【完結】寵姫と氷の陛下の秘め事。
「アナベルちゃん、最高ーっ!」
「すっげぇセクシーだったよー!」

 そんな声が投げかけられて、アナベルは自分の唇に人差し指と中指を当て、チュッっと音を立ててキスを飛ばし、ウインクをした。

 アナベルの剣舞はミシェルのものだ。彼女が一生懸命に教えてくれたもの。

 そして、アナベルがステージで演じる人物像も、ミシェルそのものだ。

 ミシェルは、アナベルが十五歳の頃に亡くなってしまった。もとからあまり身体が丈夫ではなかったそうで、このまま旅を続けていたらいつ亡くなってもおかしくない、と街の医者に宣言されていた。

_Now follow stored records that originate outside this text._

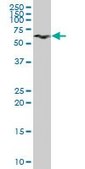 Anti-GPI antibody produced in mouse IgG fraction of antiserum, buffered aqueous solution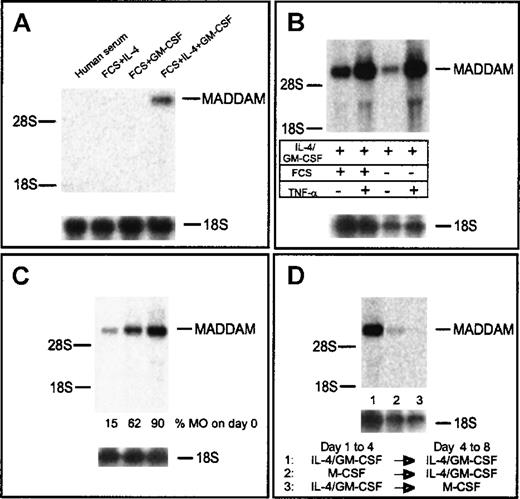 Fig. 3. MADDAM mRNA expression in MAC compared with immature and mature DCs on day 7 of culture. / MOs were cultured with either human serum to induce MAC differentiation or FCS + IL-4, FCS + GM-CSF, and FCS + IL-4 + GM-CSF, respectively, to induce DC differentiation (A). In addition, MOs were cultured under serum-free conditions with IL-4 + GM-CSF with or without the addition of TNF-α on day 5 (B). In (C), DCs were generated from either MNCs or different elutriation fractions containing MOs with IL-4 + GM-CSF + FCS and the addition of TNF-α on day 5. In (D), MOs into MAC differentiation under serum-free conditions with 100 ng/mL M-CSF was switched to the DC differentiation pathway on day 4 by culture with FCS, IL-4, and GM-CSF or the other way around. Total RNA was extracted and the Northern blot analysis was performed as described in “Materials and methods.” As a control for RNA loading, the membrane was rehybridized with an 18S rRNA-oligonucleotide (A-D).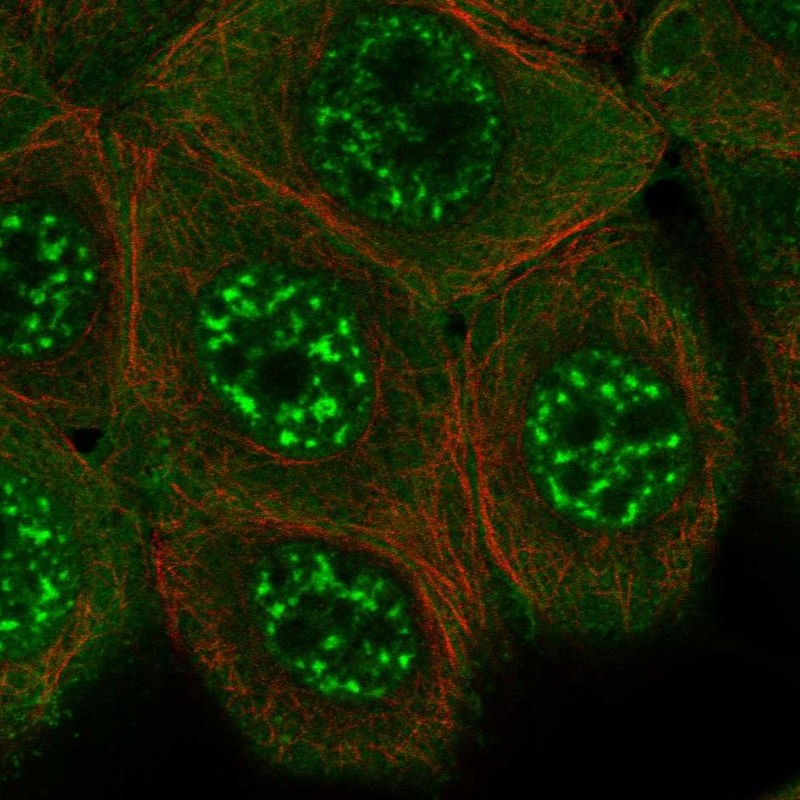 Anti-KIAA1328 Antibody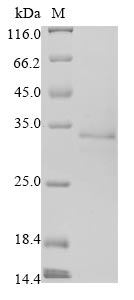 Recombinant Human coronavirus OC43 Non-structural protein 2a (2a)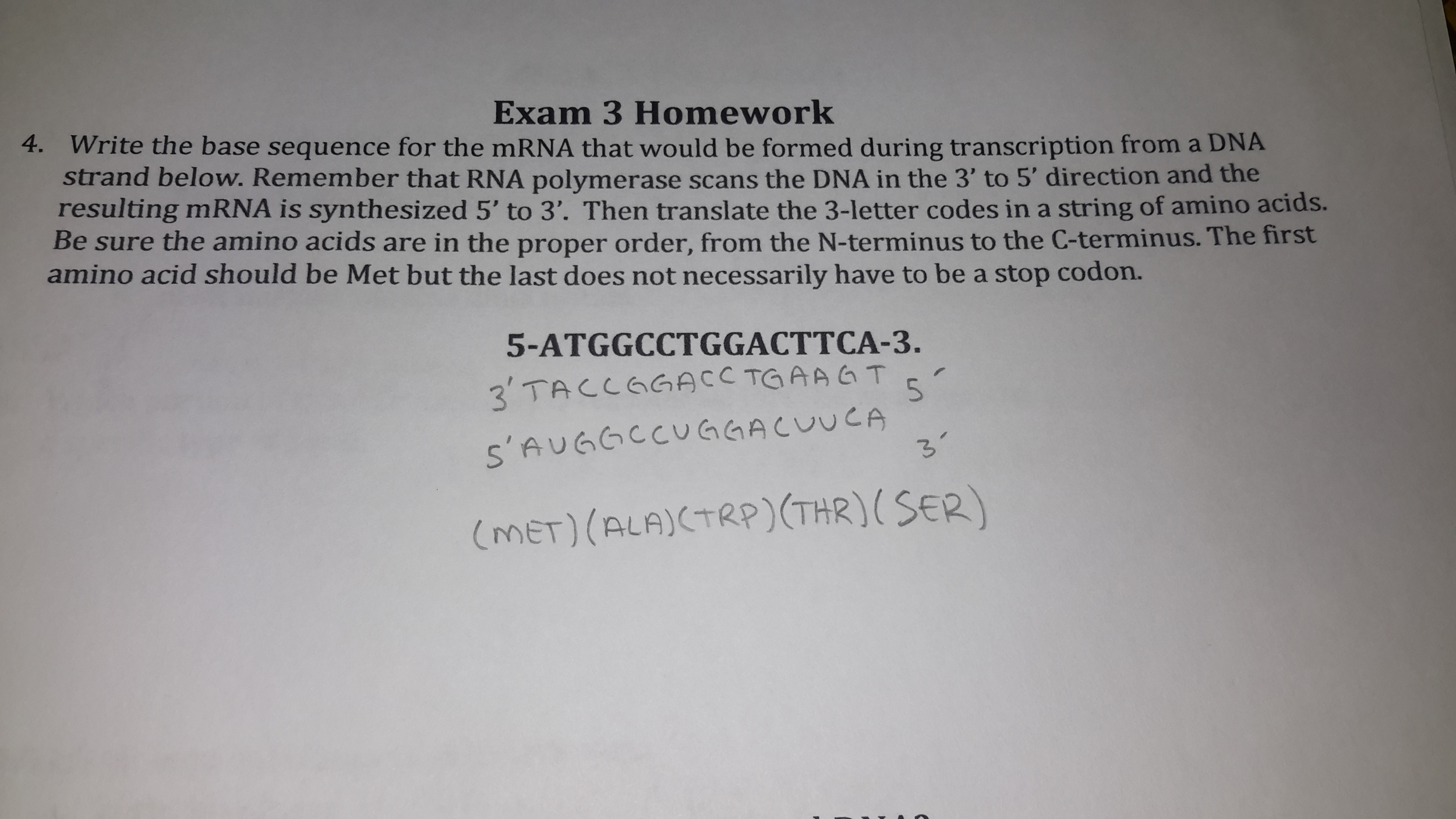 Solved 29. Write the base sequence for the mRNA that would be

 それでもミシェルは、旅を続けていた。一日でも長く、アナベルの(そば)にいたかったから。

 だが、無理がたたったのか途中で倒れてしまい、近くの町で看病をしたがそのまま亡くなった。

 そのときに、アナベルはミシェルの手を握って、何度もお礼と謝罪を伝えていた。

『謝らなくていいのよぉ、アナベルちゃん……。これからは、あなたが一座のスターになってね。……でも、自分の身体は売っちゃダメよ。大切にしなさいね……。……そうね、できれば初めては……素敵な人が、良いわよねぇ……』

 力なく笑うミシェルと、そう約束したのだ。

 だから、アナベルは客に誘われても幻想の魔法を使い、その人の都合の良い夢を見せることで、自身を守り続けた。

 その後、座長からミシェルの過去を断片的に伝えられた。彼女はずっと、アナベルを守ってくれていたのだと知り、彼女の剣舞を広めようとアナベルは決心し、現在に至る。